Kepala Kepolisian Resor Kota Pagar Alam Ajun Komisaris Besar Dolly Gumara menuturkan, sampai saat ini pihaknya sudah mengevakuasi 20 petani yang ada di kawasan hutan lindung untuk menghindari konflik dengan harimau. ”Mereka biasanya adalah petani kopi yang beraktivitas di sana,” katanya.
Kami belum mengetahui apakah petani yang menanam kopi tersebut sudah memiliki izin atau belum.
Dolly mengatakan, pihaknya belum bisa melakukan penegakan hukum karena di kawasan hutan lindung tersebut ada kawasan yang sudah mengantongi izin usaha pengelolaan hutan kemasyarakatan (IUP-HKm). Izin itu membolehkan masyarakat untuk mengelola hutan. ”Kami belum mengetahui apakah petani yang menanam kopi tersebut sudah memiliki izin atau belum,” kata Dolly.
Menurut dia, perlu dilakukan pemetaan lagi apakah kawasan perhutanan sosial tersebut bersentuhan dengan koridor satwa, terutama harimau. ”Jika memang terjadi, tentu akan membahayakan,” kata Dolly.
Menanggapi hal ini, Ardiansyah membenarkan adanya kawasan hutan kemasyarakatan di dalam kawasan hutan lindung. Namun, konflik yang terjadi selama ini berada di luar kawasan perhutanan sosial.

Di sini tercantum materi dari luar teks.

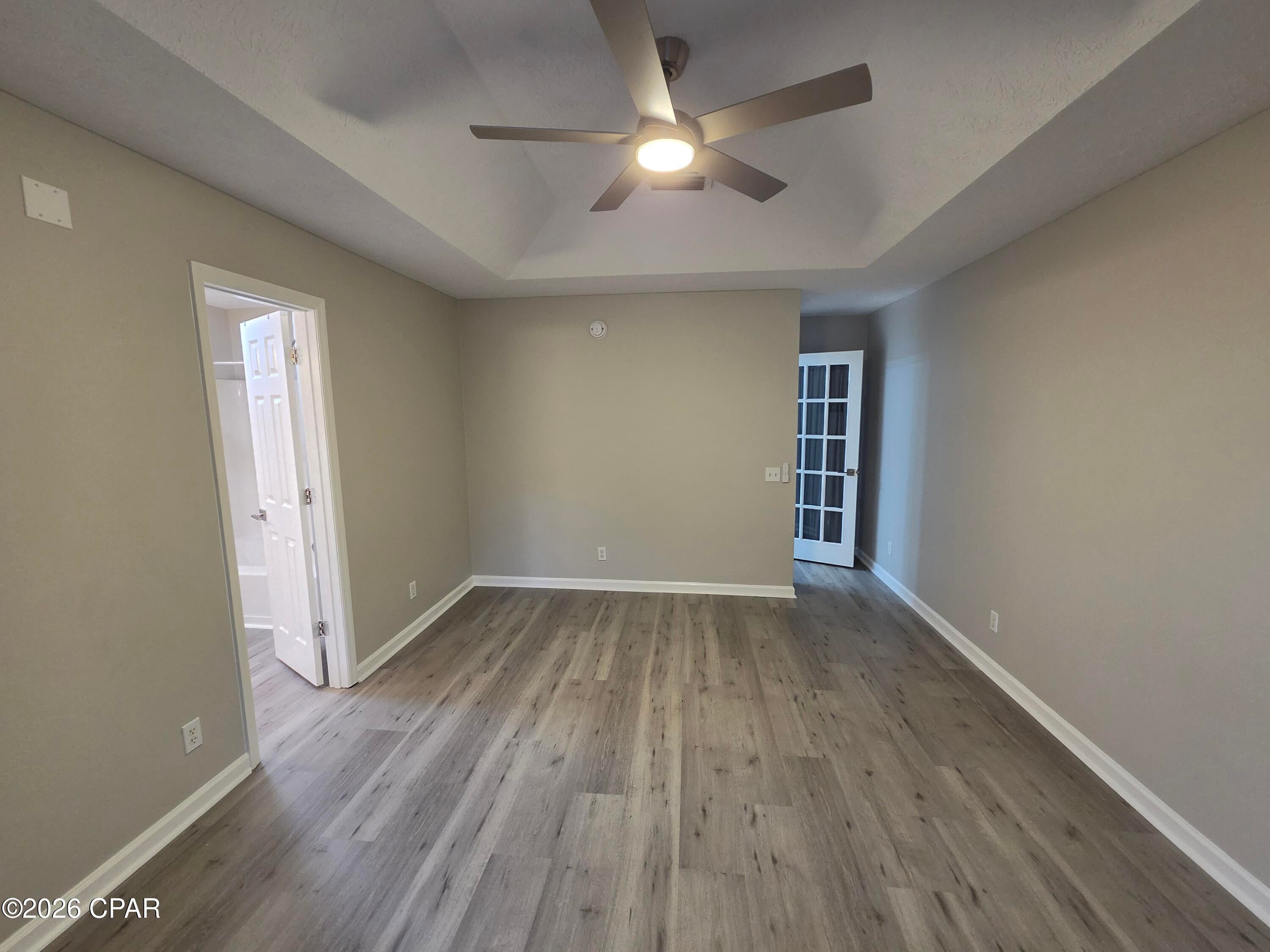 Biltmore Beach 1st Add - Residential Lease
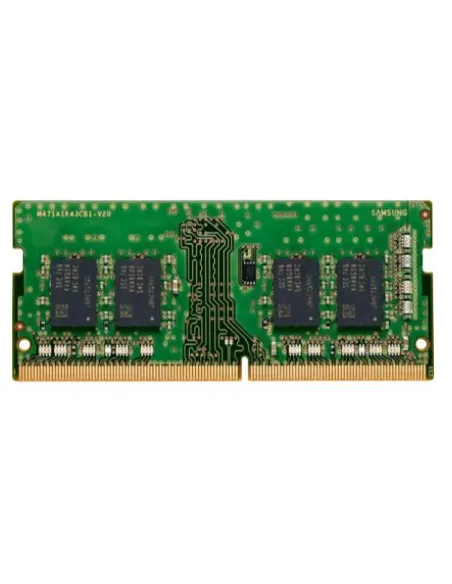 HP 8 GB DDR4 3200 SODIMM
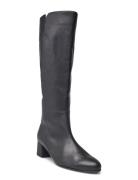 Boot Gabor Black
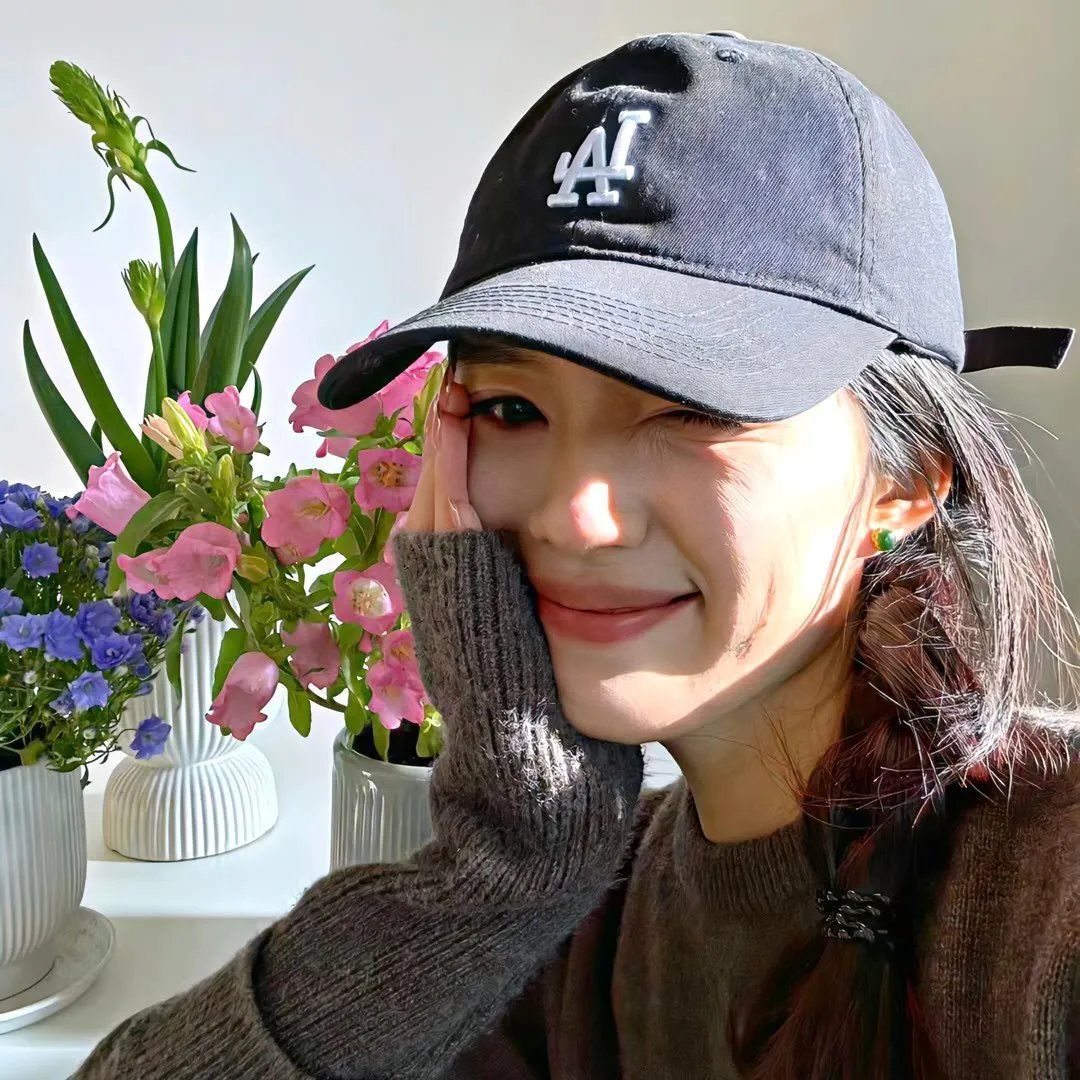 炼狱信使
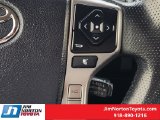 Used 2024 Toyota 4Runner SUV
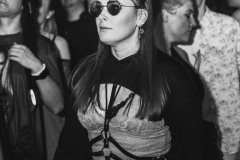 DSC09512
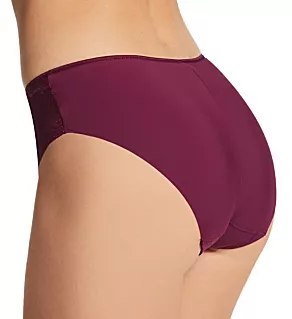 Envisage Brief Panty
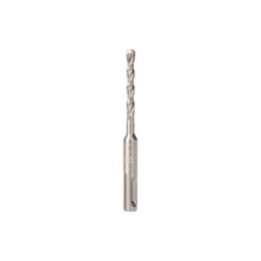 BROCA SDS PLUS PARA HORMIGÓN Ø12,00 x 160 mm | HogarLider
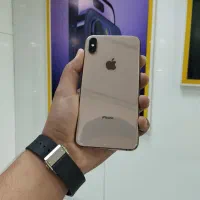 IP xs max 256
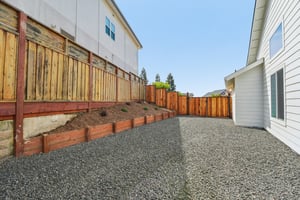 Gardenview Cir-S2504-066.jpg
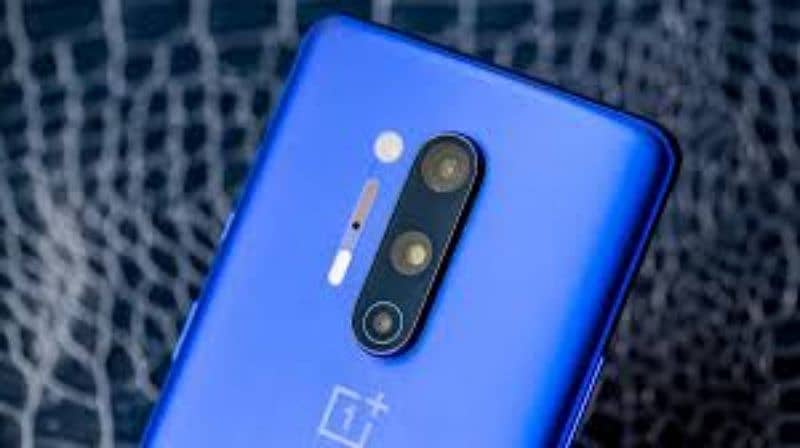 Urgent sale oneplus 8 pro edge screen 12gb 256gb 1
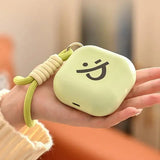 Supéria Portable Rechargeable Hand Warmer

”Biasanya, masyarakat yang sudah memiliki izin dapat beradaptasi dengan kondisi satwa di sana sehingga tidak pernah terjadi konflik,” ucapnya.
Selama ini, keberadaan warga yang ada di kawasan perhutanan sosial membantu pemerintah untuk mengawasi aktivitas di dalam hutan lindung. ”Mereka yang melaporkan adanya perambahan. Bahkan, mereka juga yang melarang pendatang untuk membuka lagi lahan,” katanya.
Kepala Seksi Kawasan Konservasi Sumber Daya Alam Wilayah II Lahat BKSDA Sumsel Martialis Puspito memastikan, semua konflik antara manusia dan satwa tersebut dipastikan di luar kawasan perhutanan sosial. Adapun yang menjadi korban adalah para warga pendatang.
Menurut dia, konflik yang terjadi saat ini disebabkan adanya aktivitas yang mengganggu ekosistem satwa. Dalam penelusuran, konflik terjadi karena adanya penebangan liar di dalam hutan lindung dan penyemprotan racun rumput di kawasan yang sudah ditebang. ”Dalam aktivitas tersebut, kebetulan ada harimau yang mungkin bereaksi atas aktivitas tersebut,” katanya.
Untuk itu, dalam waktu dekat, akan ada kebijakan guna mengurangi aktivitas di dalam hutan lindung, baik dengan maklumat atau imbauan. ”Saya berharap maklumat yang dikeluarkan sehingga ada sanksi yang diberikan bagi yang melanggar,” kata Martialis. Maklumat serupa sudah dikeluarkan pemerintah untuk mengurangi dampak kebakaran hutan dan lahan di Sumsel.